You've got ready made conversation starters about your children. Invite the parents. Some of the mums I chatted awkwardly to at reception/ playgroup are now real friends.

It might not be the case for you that they'll be lifelong buddies but it's nice to have friendly faces to make small talk with at parties.

My eldest of 3 children is 15, I've attended more than I can count!

Himawarigirl · 16/10/2024 10:56

Also, you have a great number of invitees for a third birthday party. 4 or 5 is ideal as any more can get overwhelming quickly, especially if you're hosting at home. And you know your child gets on well with all of them. I'm also a mum of three - you have SO many parties in your future :)

RedRobyn2021 · 16/10/2024 11:14

I went to a party in August for 4yo and the mum doing the party didn't know any other parents except me, but there was about 15 children there from her DD's nursery

I think it's absolutely fine! Don't see the problem. Also it would be nice for you to meet your daughters' friends' parents

mindutopia · 16/10/2024 11:18

Octavia64 · 16/10/2024 10:39

You invite her known friends and awkwardly just a bunch of strangers,

Welcome to children's parties.

Yes, this.

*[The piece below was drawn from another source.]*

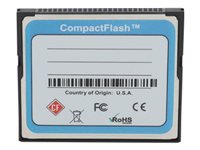 AddOn - Carte mémoire flash - 2 Go - CompactFlash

Parties are painfully boring until they are old enough to drop and run.

MrsSunshine2b · 16/10/2024 11:19

This is how you make mum (and dad!) friends, you invite her friends and socialise with the parents that bring them. You won't click with everyone but most will be happy to get to know you, you won't be the only parent feeling isolated from the others.

Bluebelle22 · 16/10/2024 11:49

Thank you everyone. I think we will go ahead and sort something for her. Maybe a soft play party would be best and we can invite the full nursery class ..think there's 15.

Just wasn't sure if other parents might think it's a bit odd / sad that we don't know anyone there and I don't have any mum friends of my own although appreciate that's a me problem and my own anxieties..

OP posts:
needahandholdpls · 16/10/2024 13:05

I'm in a similar situation OP. My twins turn 3 next month and like you I didn't really get into the mum and baby groups before returning to work.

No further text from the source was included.